**Records to use**
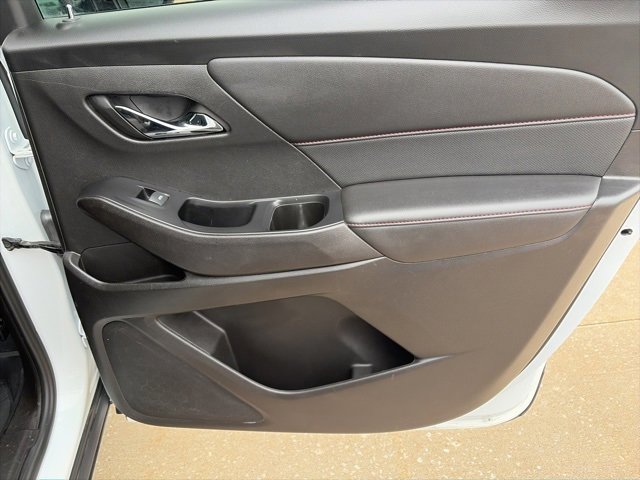 Used 2023 Chevrolet Traverse RS w/ LPO, Floor Liner Package image 44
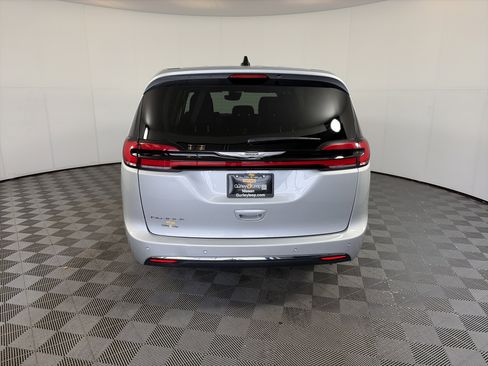 Used 2024 Chrysler Pacifica Touring-L image 10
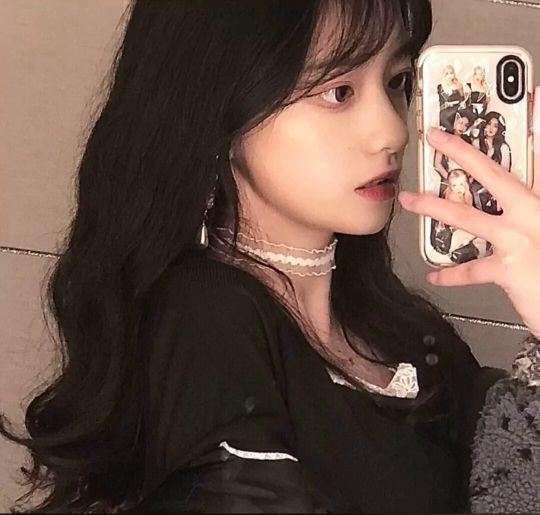 好看微丧女头，微信头像，好看微丧女头（INS黑色微丧系女生头像）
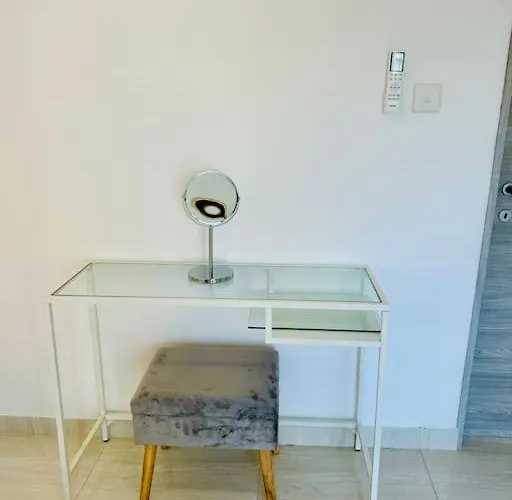 Cosy Close to the sea, King-size Bed Apartment *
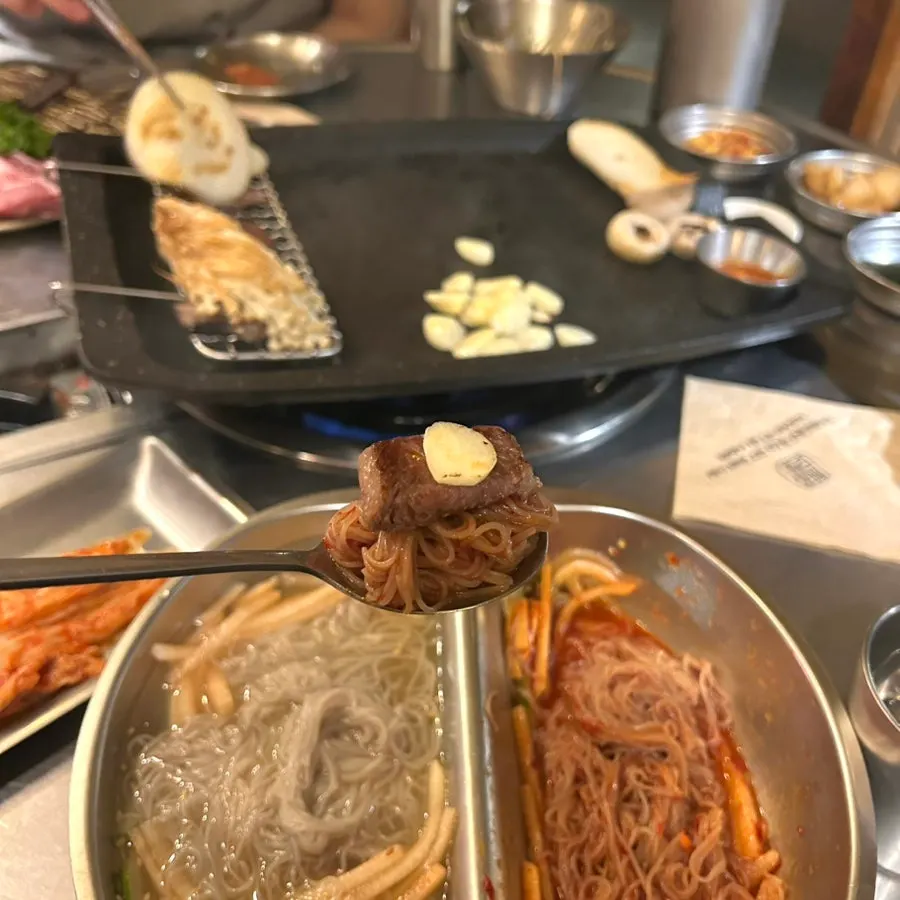 쫄깃한 면발을 들어올린 반반냉면
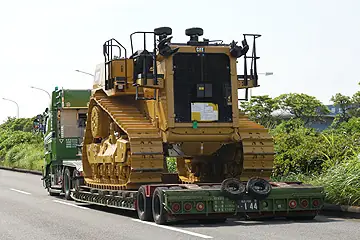 大型トレーラ運転手（重量品貨物輸送）／年間休日118日・50代活躍中の画像1枚目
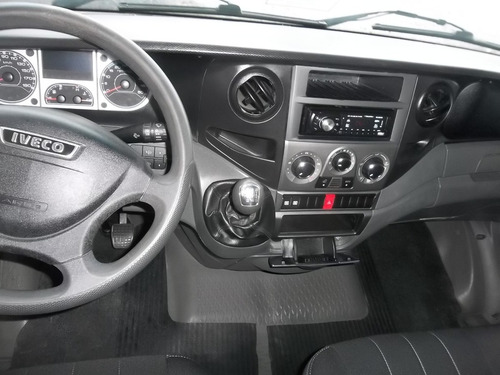 Imagem 6 de 12 de Iveco 35s14, 2018, Baú, Ar Condicionado, 42.285 Km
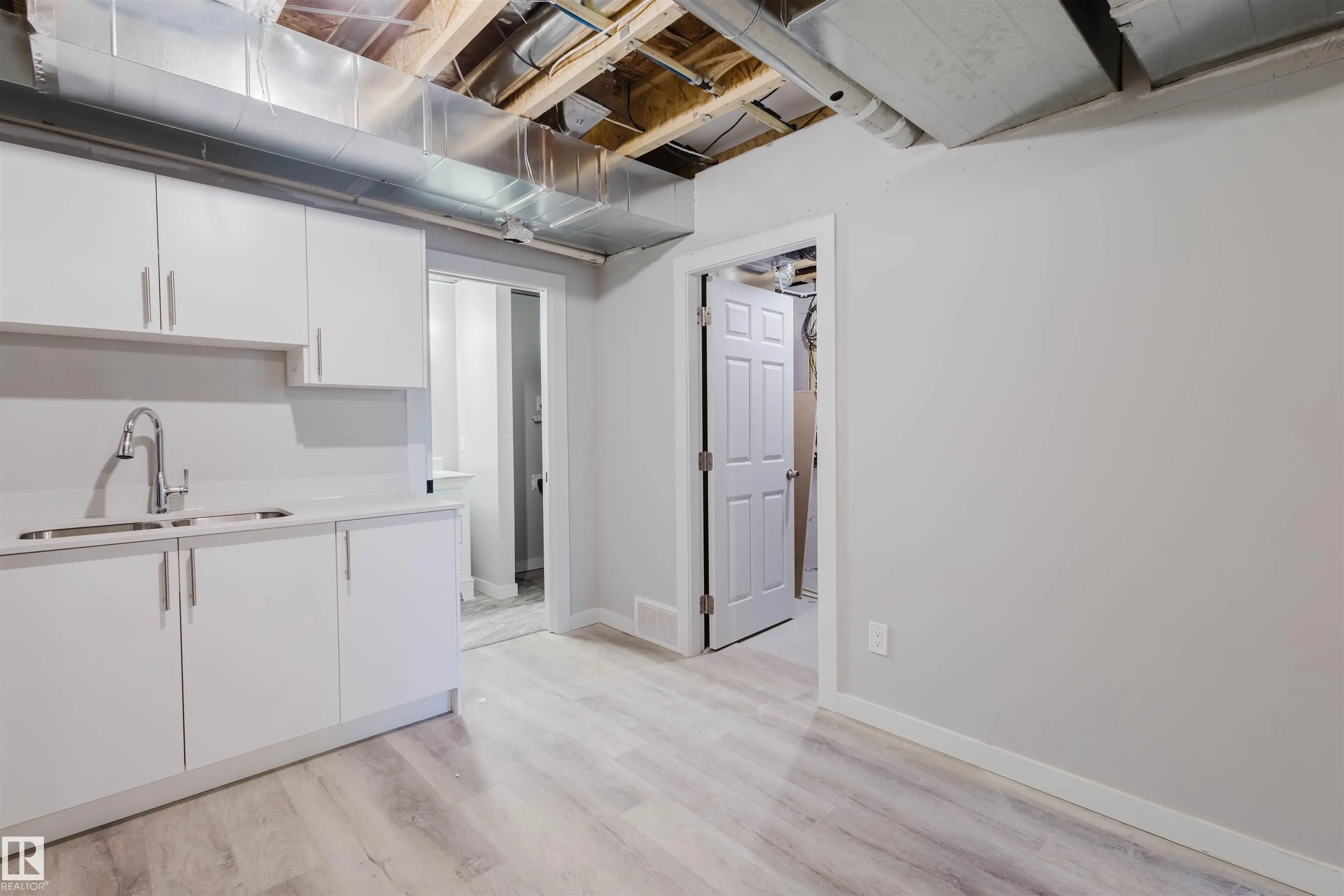 4879 KINNEY Road
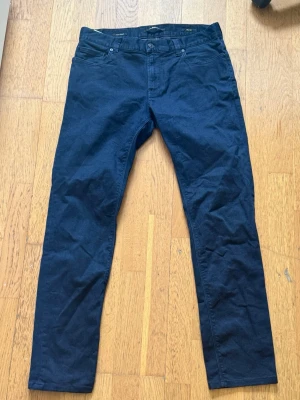 Alberto Jeans Mörkblå - Säljer dessa Alberto jeans biligt. inte använda på länge och orginal pris ligger på ca 1800kr. storlek ligger på W31 L32 och ser kanske lite svarta ut på bild men är bara väldigt  mörkblå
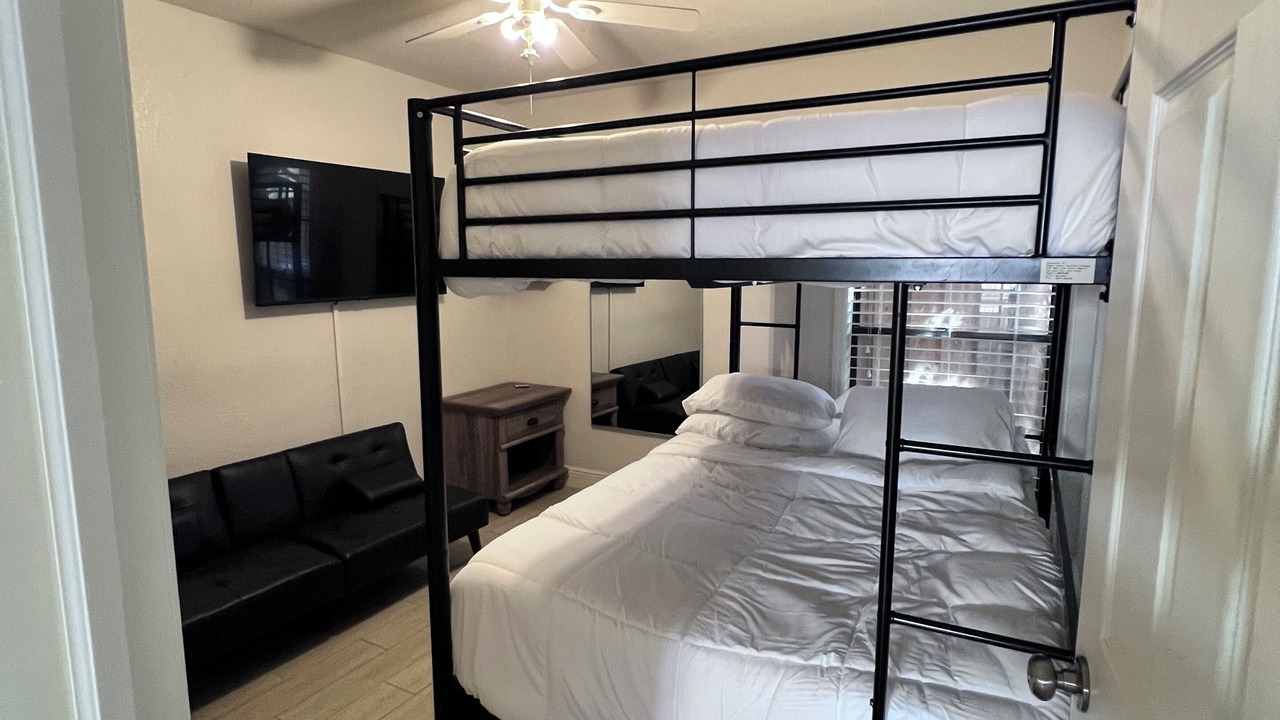 Photo of Bedroom in Carrollwood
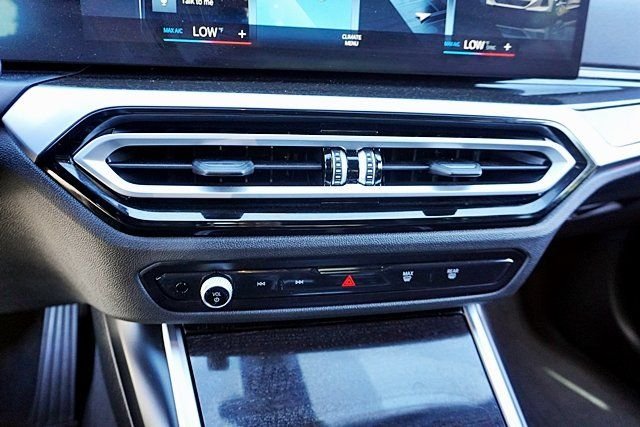 Used 2023 White BMW 330i image 27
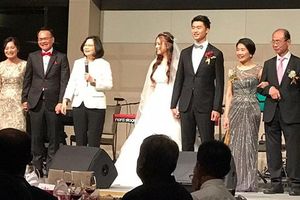 鄭弘儀「淚崩嫁女兒」連總統都到場見證！當女兒穿婚紗走上舞台....長相讓網友眼睛都亮了！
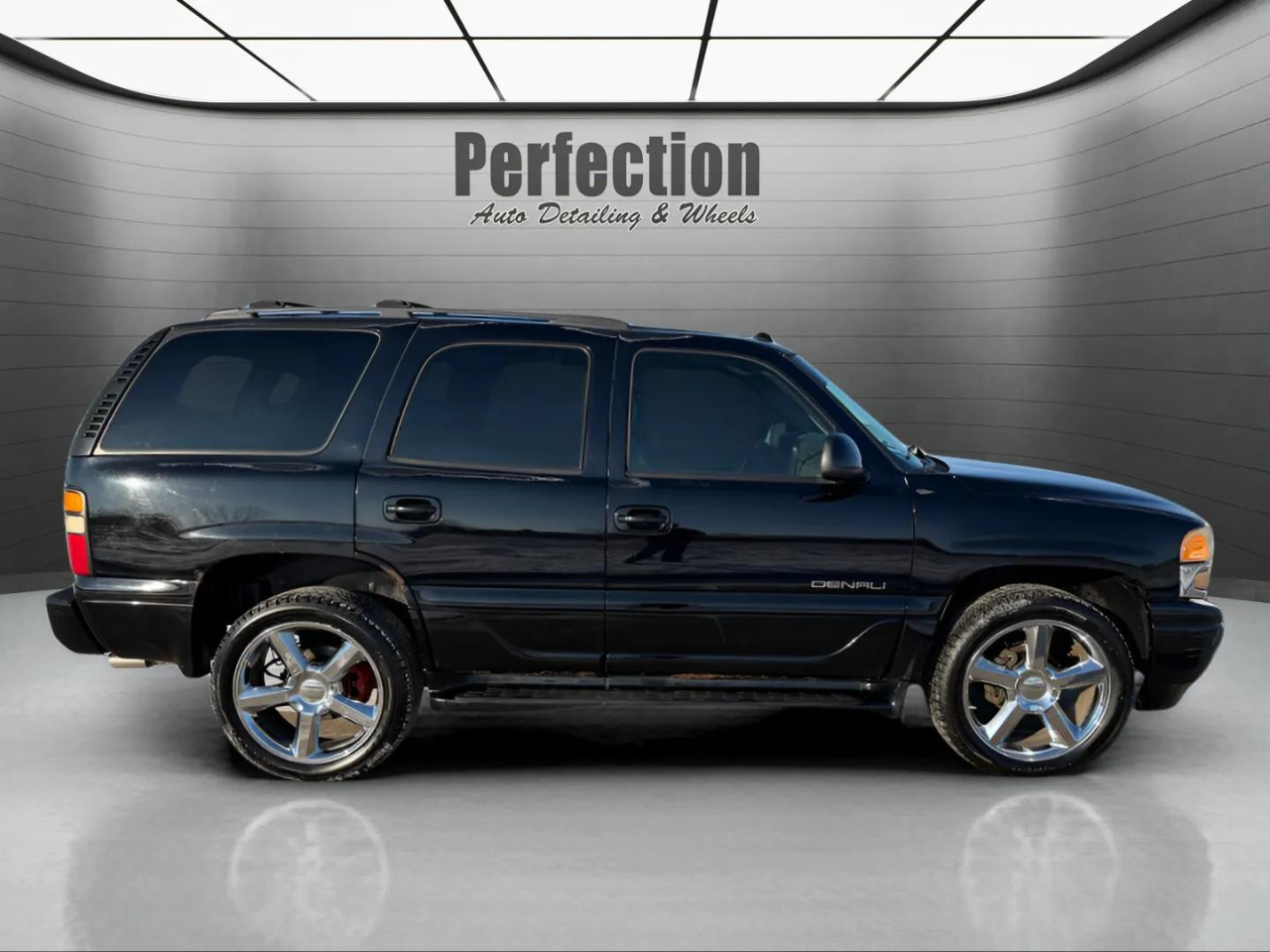 GMC Yukon Denali 4dr AWD 2005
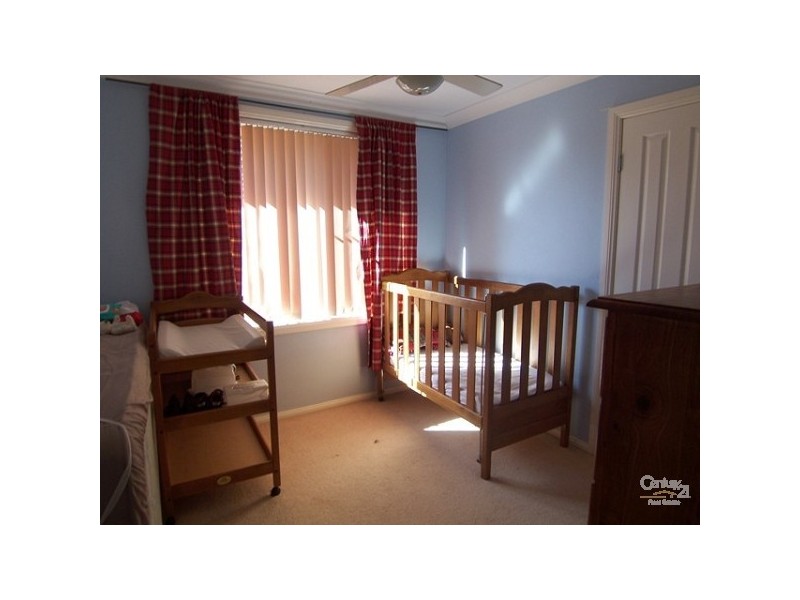 12 Coburn Circuit, Metford NSW 2323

**Exercise**
Beginning with the line that contains "鄭弘儀「淚崩嫁女兒」連總統都", write out the remaining lines of the listing above through the last, exactly and only those, without pictures.

**Reply to the exercise**
 鄭弘儀「淚崩嫁女兒」連總統都到場見證！當女兒穿婚紗走上舞台....長相讓網友眼睛都亮了！
 GMC Yukon Denali 4dr AWD 2005
 12 Coburn Circuit, Metford NSW 2323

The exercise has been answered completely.